Later in the episode, he tells his mother about Vecna’s hostile takeover of his mind, and says that the villain sees “everything,” knowing his secrets and preying on his fears. So in order to beat Vecna, Will says he needs to give him one less secret to wield, and wants his friends and family to know the truth.

Will sits down with a dozen people of varying importance to him and gives, well, a pretty straightforward coming-out confession of the sort that you’d expect from just about any well-meaning show from the early 2000s. He goes on about how he and all his friends are still the same except for one little detail: “I don’t like girls.” He says that he had a crush on someone he knew wouldn’t like him back, and that Vecna showed him a manufactured future in which this came between him and his friends, not because of bigotry, but because their overbearing worry for him makes him feel othered to the point of pushing them away. 

As Will starts to cry, his mother and friends, one by one, promise that they’re not going anywhere and then give him a big group hug. It’s sweet, but maybe a bit overwrought for modern sensibilities? There’s a lot to unpack about this moment and how it may or may not land.

For some, there’s just some absurdity to seeing most of the cast of Stranger Things lined up to listen to Will tell everyone he has a crush on another friend in the room, and it also doesn’t help that much of the cast is just not reacting much at all to the revelation. But I don’t think that the silliness of the scene is the only issue. 

By 2025, it feels like some queer people may have become a bit jaded toward the traditional coming-out story. It’s certainly still a universal part of queer experience, but when it’s often the only lens through which mainstream media views the queer experience, a young twink tearfully telling his bros he’s “still the same” as he always was probably isn’t going to land with queer viewers the way it once would have. On the contrary, some queer people don’t find comfort in stories where a gay character only finds solidarity if they focus on how they are the “same” as their cishet friends. I’d rather see stories about that support not being given under the condition of what makes me similar to others, when it should be offered regardless. 

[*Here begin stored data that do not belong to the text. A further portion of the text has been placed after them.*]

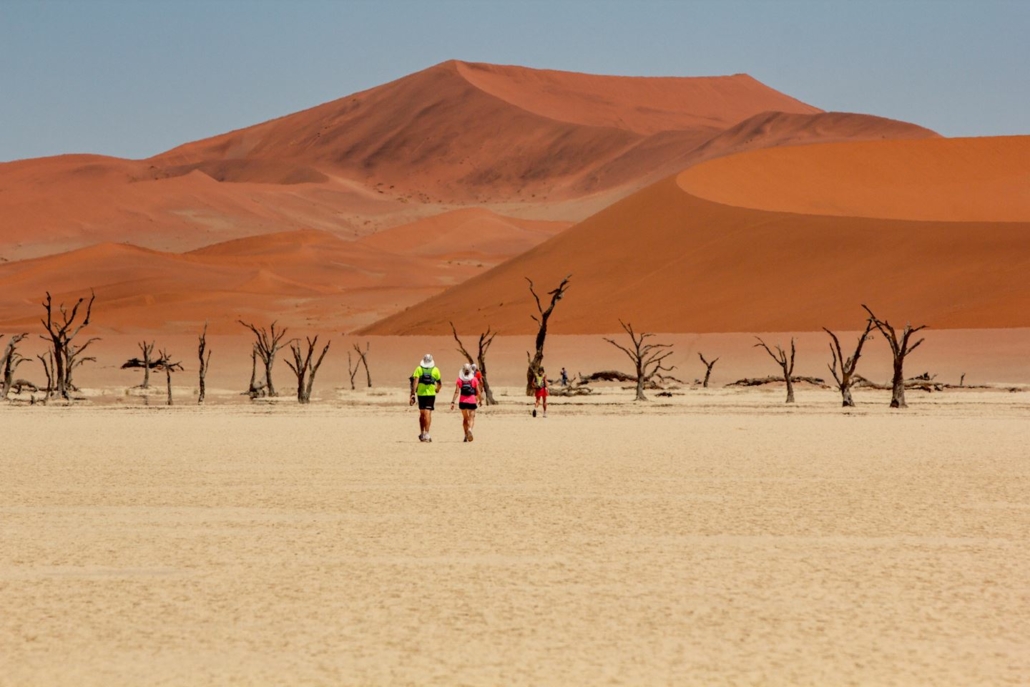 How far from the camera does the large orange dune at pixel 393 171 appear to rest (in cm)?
13062

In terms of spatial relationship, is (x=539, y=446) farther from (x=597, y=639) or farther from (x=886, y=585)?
(x=597, y=639)

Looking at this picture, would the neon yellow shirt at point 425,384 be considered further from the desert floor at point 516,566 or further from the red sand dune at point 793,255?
the red sand dune at point 793,255

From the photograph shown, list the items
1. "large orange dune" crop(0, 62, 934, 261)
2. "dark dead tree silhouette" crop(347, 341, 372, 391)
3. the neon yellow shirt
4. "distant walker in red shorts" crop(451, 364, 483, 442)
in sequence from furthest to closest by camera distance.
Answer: "large orange dune" crop(0, 62, 934, 261)
"dark dead tree silhouette" crop(347, 341, 372, 391)
"distant walker in red shorts" crop(451, 364, 483, 442)
the neon yellow shirt

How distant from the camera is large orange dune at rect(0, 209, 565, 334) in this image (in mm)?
83188

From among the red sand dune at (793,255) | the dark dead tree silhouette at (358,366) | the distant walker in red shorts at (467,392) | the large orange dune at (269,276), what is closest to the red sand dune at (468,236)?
the large orange dune at (269,276)

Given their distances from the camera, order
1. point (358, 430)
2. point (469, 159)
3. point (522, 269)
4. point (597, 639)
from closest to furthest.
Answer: point (597, 639), point (358, 430), point (522, 269), point (469, 159)

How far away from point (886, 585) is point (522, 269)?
69418 millimetres

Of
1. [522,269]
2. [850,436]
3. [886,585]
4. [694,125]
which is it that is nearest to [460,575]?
[886,585]

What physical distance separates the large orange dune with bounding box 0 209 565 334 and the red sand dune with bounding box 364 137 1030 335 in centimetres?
1290

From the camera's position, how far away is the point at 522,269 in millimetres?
77375

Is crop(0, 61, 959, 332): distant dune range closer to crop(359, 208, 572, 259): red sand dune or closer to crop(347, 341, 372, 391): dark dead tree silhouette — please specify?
crop(359, 208, 572, 259): red sand dune

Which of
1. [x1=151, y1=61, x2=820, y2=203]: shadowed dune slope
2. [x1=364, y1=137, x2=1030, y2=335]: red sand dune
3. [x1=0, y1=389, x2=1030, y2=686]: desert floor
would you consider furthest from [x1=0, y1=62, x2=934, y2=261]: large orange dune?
[x1=0, y1=389, x2=1030, y2=686]: desert floor

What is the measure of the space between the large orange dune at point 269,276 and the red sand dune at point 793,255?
12897 mm

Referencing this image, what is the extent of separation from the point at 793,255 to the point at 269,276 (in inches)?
1660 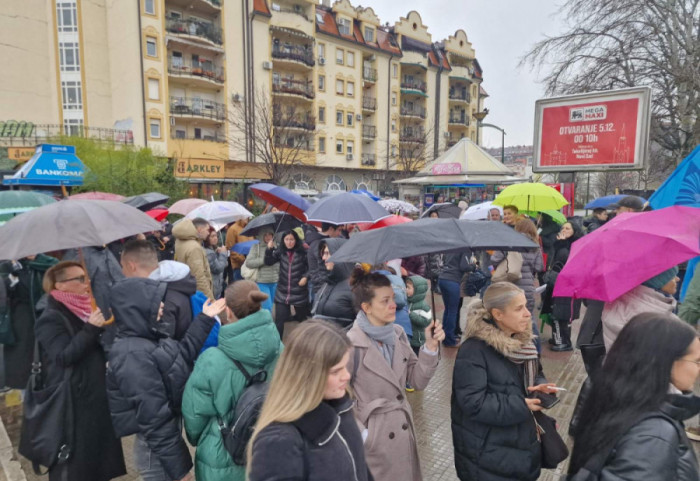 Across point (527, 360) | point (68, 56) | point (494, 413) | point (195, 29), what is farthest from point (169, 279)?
point (68, 56)

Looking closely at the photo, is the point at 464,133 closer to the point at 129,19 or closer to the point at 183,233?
the point at 129,19

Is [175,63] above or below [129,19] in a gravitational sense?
below

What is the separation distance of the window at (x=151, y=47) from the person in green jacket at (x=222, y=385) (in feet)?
100

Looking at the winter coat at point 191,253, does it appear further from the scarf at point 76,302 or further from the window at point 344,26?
the window at point 344,26

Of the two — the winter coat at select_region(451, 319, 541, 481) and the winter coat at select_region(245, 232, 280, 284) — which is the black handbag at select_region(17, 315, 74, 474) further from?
the winter coat at select_region(245, 232, 280, 284)

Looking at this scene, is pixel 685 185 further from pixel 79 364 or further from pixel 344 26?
pixel 344 26

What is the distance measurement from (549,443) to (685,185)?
10.0ft

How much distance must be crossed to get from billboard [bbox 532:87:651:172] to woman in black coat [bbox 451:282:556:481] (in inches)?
257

In the case of Stranger Things, I think I’m willing to offer it some grace because it is ultimately an ‘80s period piece, and even though the Stonewall Riots happened nearly 20 years prior, there was still a lot of work to be done in 1987. So if 16-year-old Will has no other framework to communicate his truth to his friends in the late ‘80s, fair enough. Especially if there are still young people living in small towns like Hawkins who are watching shows like Stranger Things and still at that stage in their lives.

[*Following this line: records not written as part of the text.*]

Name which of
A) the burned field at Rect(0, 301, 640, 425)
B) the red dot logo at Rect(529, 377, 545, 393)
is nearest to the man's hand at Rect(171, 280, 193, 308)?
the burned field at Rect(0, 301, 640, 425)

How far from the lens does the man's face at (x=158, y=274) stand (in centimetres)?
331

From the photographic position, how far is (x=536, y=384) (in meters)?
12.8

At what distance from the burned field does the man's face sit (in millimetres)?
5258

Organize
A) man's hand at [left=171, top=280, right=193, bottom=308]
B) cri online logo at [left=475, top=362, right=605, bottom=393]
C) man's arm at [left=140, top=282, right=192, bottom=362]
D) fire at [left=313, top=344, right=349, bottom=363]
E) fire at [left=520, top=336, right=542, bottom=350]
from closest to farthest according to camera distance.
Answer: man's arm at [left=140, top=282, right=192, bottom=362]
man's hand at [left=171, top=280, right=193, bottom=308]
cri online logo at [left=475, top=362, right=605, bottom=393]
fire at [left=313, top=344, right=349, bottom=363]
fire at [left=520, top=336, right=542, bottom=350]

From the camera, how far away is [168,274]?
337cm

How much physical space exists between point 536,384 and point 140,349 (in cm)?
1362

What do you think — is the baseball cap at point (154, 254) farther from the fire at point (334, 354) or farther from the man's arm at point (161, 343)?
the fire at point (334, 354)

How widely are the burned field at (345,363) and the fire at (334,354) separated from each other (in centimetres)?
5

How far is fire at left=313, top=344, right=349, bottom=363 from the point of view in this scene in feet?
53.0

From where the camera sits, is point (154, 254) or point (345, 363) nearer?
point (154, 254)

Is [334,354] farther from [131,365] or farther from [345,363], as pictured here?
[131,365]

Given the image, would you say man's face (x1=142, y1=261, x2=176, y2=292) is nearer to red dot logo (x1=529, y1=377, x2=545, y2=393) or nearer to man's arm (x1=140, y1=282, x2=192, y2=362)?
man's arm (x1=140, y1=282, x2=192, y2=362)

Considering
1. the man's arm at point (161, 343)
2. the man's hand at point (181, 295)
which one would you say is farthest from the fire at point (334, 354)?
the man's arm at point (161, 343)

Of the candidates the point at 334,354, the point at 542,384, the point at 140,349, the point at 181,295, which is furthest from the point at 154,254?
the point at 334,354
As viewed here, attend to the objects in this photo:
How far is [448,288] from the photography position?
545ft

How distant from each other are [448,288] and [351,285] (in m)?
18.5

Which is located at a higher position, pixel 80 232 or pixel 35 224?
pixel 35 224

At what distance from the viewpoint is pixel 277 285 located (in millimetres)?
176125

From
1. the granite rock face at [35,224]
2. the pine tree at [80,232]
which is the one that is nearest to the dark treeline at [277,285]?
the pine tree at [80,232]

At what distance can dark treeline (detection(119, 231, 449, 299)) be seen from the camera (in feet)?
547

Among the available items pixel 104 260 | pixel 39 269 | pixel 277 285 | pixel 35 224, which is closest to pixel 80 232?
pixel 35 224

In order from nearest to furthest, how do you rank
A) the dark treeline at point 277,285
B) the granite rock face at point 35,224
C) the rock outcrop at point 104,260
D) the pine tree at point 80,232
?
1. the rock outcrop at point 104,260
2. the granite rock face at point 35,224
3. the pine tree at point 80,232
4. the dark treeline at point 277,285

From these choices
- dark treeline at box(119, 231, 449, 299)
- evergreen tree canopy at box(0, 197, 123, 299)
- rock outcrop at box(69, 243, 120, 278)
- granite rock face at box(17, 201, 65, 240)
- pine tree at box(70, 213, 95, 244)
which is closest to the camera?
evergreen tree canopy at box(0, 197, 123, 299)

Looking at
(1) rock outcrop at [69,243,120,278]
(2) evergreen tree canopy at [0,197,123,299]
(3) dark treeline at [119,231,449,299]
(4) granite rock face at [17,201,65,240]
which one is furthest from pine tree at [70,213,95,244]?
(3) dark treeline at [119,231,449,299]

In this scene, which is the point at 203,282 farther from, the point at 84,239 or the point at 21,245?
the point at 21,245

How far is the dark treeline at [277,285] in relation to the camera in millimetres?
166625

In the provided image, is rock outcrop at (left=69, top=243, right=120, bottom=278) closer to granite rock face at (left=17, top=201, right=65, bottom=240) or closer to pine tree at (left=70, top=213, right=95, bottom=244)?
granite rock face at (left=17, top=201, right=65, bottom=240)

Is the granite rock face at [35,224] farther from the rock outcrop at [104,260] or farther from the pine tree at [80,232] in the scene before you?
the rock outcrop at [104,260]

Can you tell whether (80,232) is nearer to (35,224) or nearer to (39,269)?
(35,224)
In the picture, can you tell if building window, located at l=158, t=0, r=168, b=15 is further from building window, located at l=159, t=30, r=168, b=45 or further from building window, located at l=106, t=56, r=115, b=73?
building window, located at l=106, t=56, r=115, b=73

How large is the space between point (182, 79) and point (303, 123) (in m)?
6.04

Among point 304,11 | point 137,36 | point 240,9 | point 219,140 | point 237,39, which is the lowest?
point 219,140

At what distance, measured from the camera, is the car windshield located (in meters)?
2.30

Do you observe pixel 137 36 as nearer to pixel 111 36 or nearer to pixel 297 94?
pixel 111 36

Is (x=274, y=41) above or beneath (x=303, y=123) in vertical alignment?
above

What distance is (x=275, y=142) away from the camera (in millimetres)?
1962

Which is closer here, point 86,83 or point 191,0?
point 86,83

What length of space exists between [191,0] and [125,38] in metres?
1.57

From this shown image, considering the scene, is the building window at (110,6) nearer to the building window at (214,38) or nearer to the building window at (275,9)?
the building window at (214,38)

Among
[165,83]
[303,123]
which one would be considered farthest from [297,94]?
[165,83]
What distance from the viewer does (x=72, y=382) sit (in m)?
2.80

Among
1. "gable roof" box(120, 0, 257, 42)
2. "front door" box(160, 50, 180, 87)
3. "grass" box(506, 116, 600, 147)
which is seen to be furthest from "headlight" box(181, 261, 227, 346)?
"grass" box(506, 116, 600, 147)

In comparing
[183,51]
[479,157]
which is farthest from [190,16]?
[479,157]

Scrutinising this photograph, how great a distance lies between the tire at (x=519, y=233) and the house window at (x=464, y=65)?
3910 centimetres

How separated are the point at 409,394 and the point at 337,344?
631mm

That said, the ‘80s setting does have some fans wondering where the hell this universal acceptance is coming from. Yeah, you could argue the Stranger Things gang has been through so much that they don’t have time for homophobia, but when has an apocalypse ever been enough to make a bigot admit to the error of their ways? I don’t know, it’s an awkward line to walk when you’re including queer characters in your story. If you show a completely accepting universe, you run the risk of coming off as inauthentic, but if you portray the reality of the queer experience, you will inevitably have the most online armchair consultant calling your work a moral failing to the gays you hope to represent. Everyone’s got their preferences, but as hokey as the scene might be, I have a hard time viewing it as anything other than well-meaning.

The bigger problem I have with the scene is one many people are having with Stranger Things’ final season, which is that the writing is so straightforward and inelegant that you have to wonder if Netflix is actually telling writers to dumb down their work for the people who are always on their damn phones. Stranger Things has reasonably complex mythology and lore, so I don’t think anyone who’s still invested after five seasons needs to have dialogue mashed up and spoonfed to them like they’re a baby, but that proclivity feels pretty apparent in this scene. At the very least, the polarizing moment has got the shitpost pipeline flowing.